A quel punto scatterà il modello Sud Africa, e anche i palestinesi invocheranno la regola aurea dell'uguaglianza democratica di fronte alla legge: una persona-un voto. A quel punto saranno i palestinesi ad avere la maggioranza, così come i neri l'hanno ottenuta in Sud Africa, e il dilemma sarà arduo per le democrazie liberali e per gli stessi Stati Uniti. Quel giorno non sarà più un israeliano a capo della grande Israele ma un palestinese, sostiene Tarazi. Questo è l’abisso in cui rischia di precipitare Israele, se permane lo status quo e non si procede al più presto a una separazione. E non è una minaccia remota.

Qui la Spinelli rivela il suo incubo (sogno?) con il paragone Sud Africa. Poteva aggiungere anche l'Algeria, già che c'era. La sua previsone potrebbe essere realistica solo nel caso in cui Israele intendesse annettere i territori amministrati. Cosa che non mai detto nè mai farà. Anzi, prima ci sarà uno stato palestinese meglio sarà per Israele. Uno stato però che non rappresnti un pericolo per lo stato ebraico. Sicurezza, capito Spinelli, SICUREZZA.
Bisogna certo difendersi dai terroristi, in questo Sharon ha ragione. Ma ha ancora più ragione quando ammette che non si può, alla lunga, occupare popoli che rifiutano l’occupante. E che c’è un nesso, tra quest’occupazione e i kamikaze palestinesi.

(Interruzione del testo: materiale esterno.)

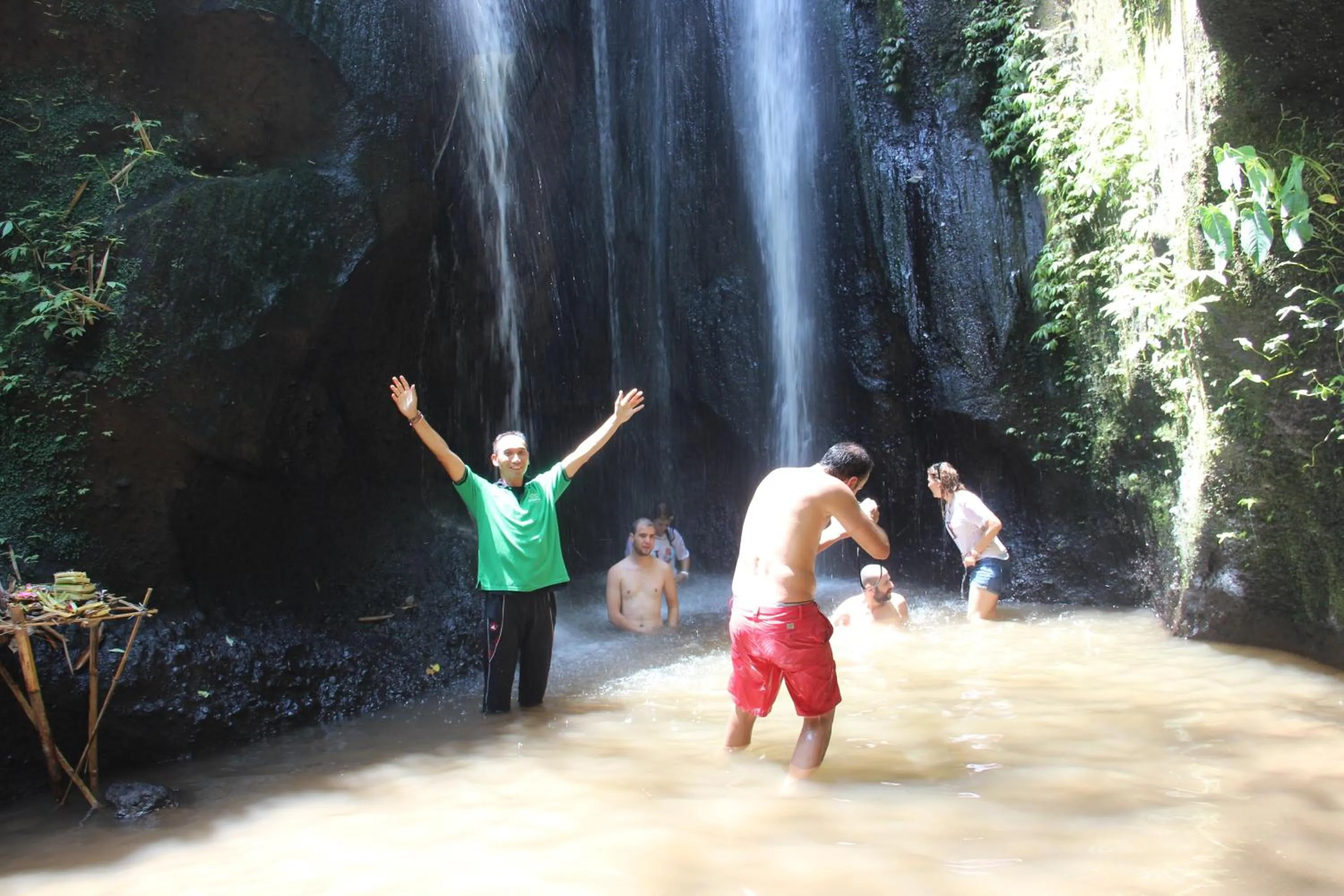 Staff in De Umah Bali Eco Tradi Home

questa deve esserle sfuggita. Concordiamo. Spinelli,si rilegga queste sue righe e vedrà che dovrà modificare tutto il resto del suo articolo.
La lezione è amara ma toccherà apprenderla velocemente, prima che sia tardi: la fondazione di una nazione israeliana in terre abitate da arabi fu possibile nel ‘48, perché le circostanze - l'annientamento degli ebrei in Europa - erano eccezionali. Oggi tali circostanze non esistono più, ed è il motivo per cui quel gesto di fondazione e colonizzazione non può ripetersi una seconda volta, avvalendosi senza interruzione delle stesse ragioni d'un tempo. Se continuerà a esser ripetuto ne patiranno sia gli israeliani, sia gli ebrei fuori dei confini nazionali: ebrei di cui Israele è in parte responsabile, fin quando durerà il suo legame con la diaspora. Perché a svanire sarà lo Stato di Israele, e sarà il sogno di una terra rifugio che tutto intero l'ebraismo tiene segretamente in serbo per le sue ore più disperate.

Israele non fu fondato in terre occupate da arabi. Quelle terre si chiamavano Israele così come non si sono mai chiamati palestinesi solo gli arabi. Era anche il nome degli ebrei, che lì hanno sempre vissuto e che fin dalla metà dell'800 hanno cominciato a ricostruire il loro Stato. Ci sono riusciti con il riconoscimento dell'ONU nel 1948 e gli arabi avrebbero avuto anche loro uno stato se solo l'avessero accettato. Ma Spinelli certi fatti ama non ricordarli.
Preferisce sostenere che Israele è nato per via di "circostanze eccezionali", l'annientamento degli ebrei in Europa.
Non si preoccupi Spinelli delle "ore disperate" (incubo ?, sogno ?) che potranno addivenire agli ebrei. La lezione è stata appresa, e se per disgrazia qualcuno dovesse dimenticarsene, gli articoli come quelli che lei scrive su Israele aiutano a tenere la memoria in perenne esercizio.